Ghostbusters movie cast: Kristen Wiig, Melissa McCarthy, Kate McKinnon, Leslie Jones
Ghostbusters movie director: Paul Feig
Even at the cost of calling forth the wrath of fans, the 1984 Ghostbusters wasn’t the kind of film we should be discussing 32 years later. The special effects were passable, the jokes occasional, the story not really a parody, and a mix of it all a film that could only survive because of Bill Murray’s zen-like sardonicism, at times even at the cost of the film, because of somehow acquiring a “cult status”, and because of that song.
So what is the problem with the new Ghostbusters again? That it replaces an all-male gang with an all-women one? Yes, the fans of the 1984 film do need to worry, for Feig’s Ghostbusters is an improvement — as much of an improvement, that is, as the film is aspiring to be.
The new scientists exploring paranormal activities kick ass with more style, more science, more fun, more jokes, and even a more pretty face at the reception. The film also manages to put in a semi-back story, gives more of a role to its Black face (though Leslie Jones has had to survive vicious attacks of her own in the process), and builds up to a more satisfying conclusion.
Where Ghostbusters could have done better, ironically, is not being so overawed by the ghost of its predecessor. Apart from characters that are a throwback to the four from the previous film (Wiig standing in for Murray, McCarthy for Dan Aykroyd, McKinnon for Harold Ramis, Jones for Ernie Hudson), it even brings in the predecessors for bit parts. Some of the ghosts too get repeated.
Accomplished comedians all, some of whom have worked before with Feig (Bridesmaids), Wiig, McCarthy, McKinnon and Jones share the spoils here equally, unlike Murray dominating the 1984 version. However, the film isn’t all jokes, of course, and so a shout-out for McKinnon, who is smashing as the madcap, zany scientist who wows with an absolutely manic style.
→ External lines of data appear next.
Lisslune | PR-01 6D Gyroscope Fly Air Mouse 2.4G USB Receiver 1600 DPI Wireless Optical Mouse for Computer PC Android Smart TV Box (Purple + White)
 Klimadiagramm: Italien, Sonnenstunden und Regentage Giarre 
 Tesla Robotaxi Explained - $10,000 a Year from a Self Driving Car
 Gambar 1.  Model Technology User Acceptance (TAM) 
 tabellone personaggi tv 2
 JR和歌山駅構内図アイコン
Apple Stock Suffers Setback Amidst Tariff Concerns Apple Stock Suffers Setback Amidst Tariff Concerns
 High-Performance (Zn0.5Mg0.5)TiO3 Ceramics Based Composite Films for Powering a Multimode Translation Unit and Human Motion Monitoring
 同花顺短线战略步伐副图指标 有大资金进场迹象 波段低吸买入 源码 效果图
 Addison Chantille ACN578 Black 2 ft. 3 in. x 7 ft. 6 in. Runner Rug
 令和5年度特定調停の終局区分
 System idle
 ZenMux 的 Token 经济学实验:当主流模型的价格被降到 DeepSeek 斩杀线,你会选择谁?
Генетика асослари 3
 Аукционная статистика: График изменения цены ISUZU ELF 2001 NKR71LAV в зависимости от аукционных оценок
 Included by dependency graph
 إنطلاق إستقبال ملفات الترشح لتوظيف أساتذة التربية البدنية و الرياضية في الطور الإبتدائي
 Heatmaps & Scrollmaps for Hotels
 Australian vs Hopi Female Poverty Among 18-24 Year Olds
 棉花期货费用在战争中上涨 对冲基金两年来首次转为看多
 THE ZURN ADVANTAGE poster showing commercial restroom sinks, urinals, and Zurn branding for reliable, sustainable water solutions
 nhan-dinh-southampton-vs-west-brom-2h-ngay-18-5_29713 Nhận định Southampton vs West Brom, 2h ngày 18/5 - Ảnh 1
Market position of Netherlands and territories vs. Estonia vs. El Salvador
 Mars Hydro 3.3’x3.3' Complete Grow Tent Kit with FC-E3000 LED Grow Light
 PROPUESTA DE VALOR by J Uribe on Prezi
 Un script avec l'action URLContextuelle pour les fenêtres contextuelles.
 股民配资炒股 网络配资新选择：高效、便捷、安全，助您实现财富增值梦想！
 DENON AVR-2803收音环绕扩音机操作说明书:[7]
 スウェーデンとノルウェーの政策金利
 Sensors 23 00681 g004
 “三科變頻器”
The other standout performance is Chris Hemsworth, who gamingly plays the dumb receptionist to the Ghostbusters and who is the eye candy whom Wiig’s Dr Erin Gilbert lusts for — in another role reversal from the previous Ghostbusters. He is the kind of guy who covers his eyes when a loud sound goes off, and because he looks so good, just too good, no one really cares.
When the ghosts come around, still covered in slimy-green ectoplasm, Andy Garcia surfaces as the mayor who won’t hear any bad news. But here too, his aide, a woman with perfectly white clenched teeth and perfectly coiffed side parting, steals the show.
The men, really, don’t stand a chance.